Even its sister sites use the same URL format and single page template to structure its core content. Examples:
- Wikimedia Commons:
If you dig into Wikipedia’s website architecture, here’s what you will find.
While Wikipedia uses other page templates, such as Portals, Categories, Lists, as well as editor-friendly pages you see in the left sidebar, these pages exist for secondary navigation and general information. These pages rarely rank for any search terms.
For example, Portals are topic pages that exist as additional entry points from the home page, such as Geography. A Portal seemingly exists for editors to click into the topics they’re interested in contributing. For bots, it’s like an index sitemap welcoming search engines into the world of all the Wikis.
Geography is both a Portal and a Wiki.

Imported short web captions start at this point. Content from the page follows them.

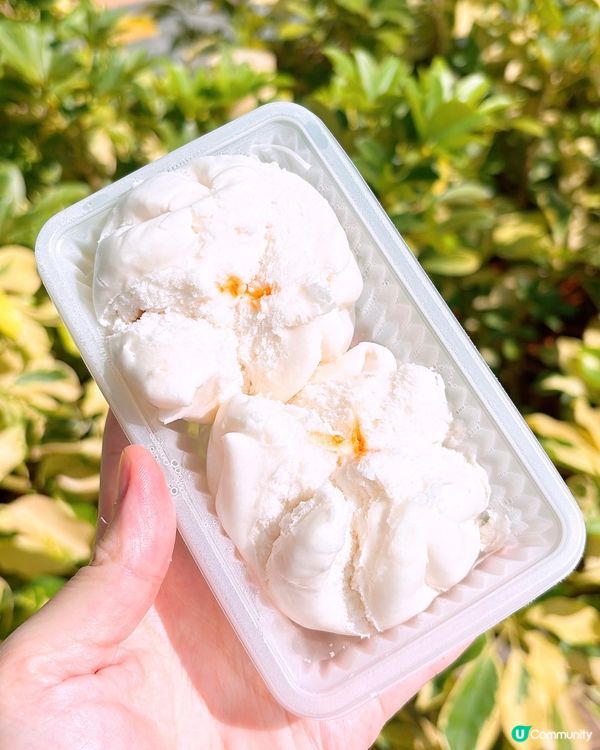 🎏發現‼️7仔有$10小食餐😳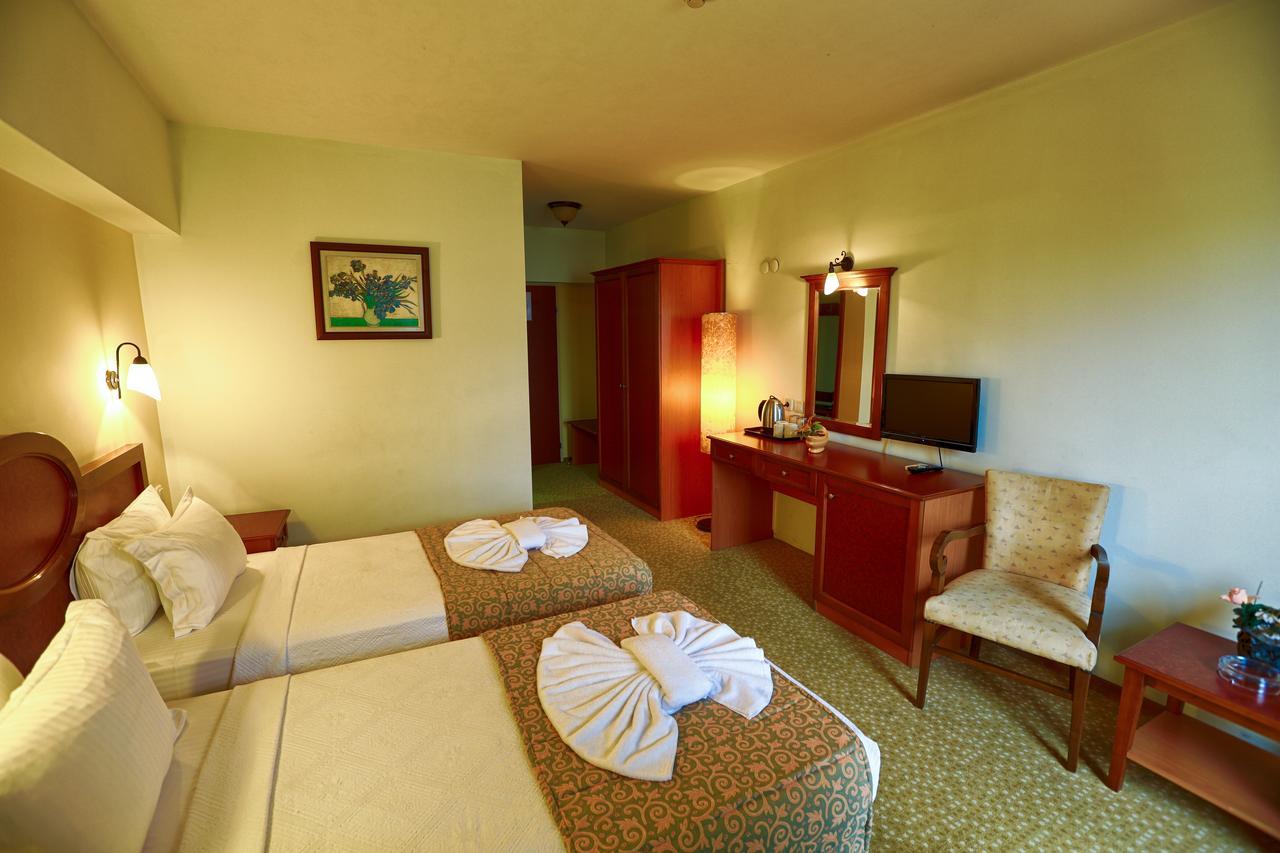 Kayhanbey Hotel Κουσάντασι Εξωτερικό φωτογραφία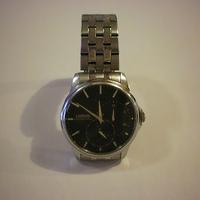Orologio LORUS URBAN RP657BX9 da Uomo (da ricambi)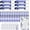 Royal Blue, variant on 30 Sets Bottle Opener Wedding Favors for Guests Bulk,Royal Blue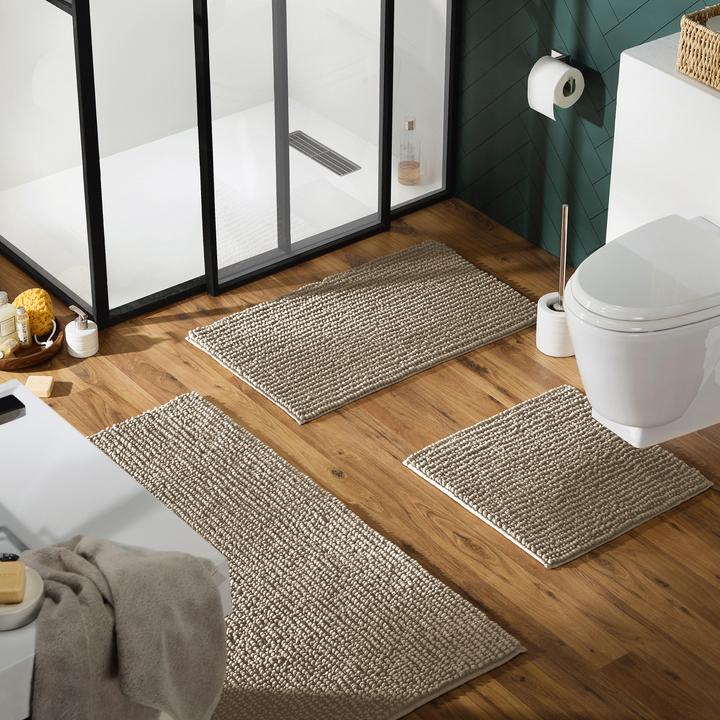 Produktbild Redbest Arlington (90 x 60 cm)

Guess which one ranks better?
As an SEO, you wonder “shouldn’t the Portal Geography page outrank the Wiki, as it’s one click away from the home page, the most authoritative page, and it contains good unique content?” The reasons are likely as follows.
While the Portals link to the Wikis, Wikis don’t typically link back to Portals. And all Geography Wikis link back to the Geography Wiki so overall, in terms of URL rating, the Wiki Geography page is stronger than the Portal Geography page.
In fact, the Geography Portal page URL Rating is 40 and it ranks for zero organic keywords.
But the Geography Wiki page URL Rating is 73. It ranks for 2.5K+ organic keywords.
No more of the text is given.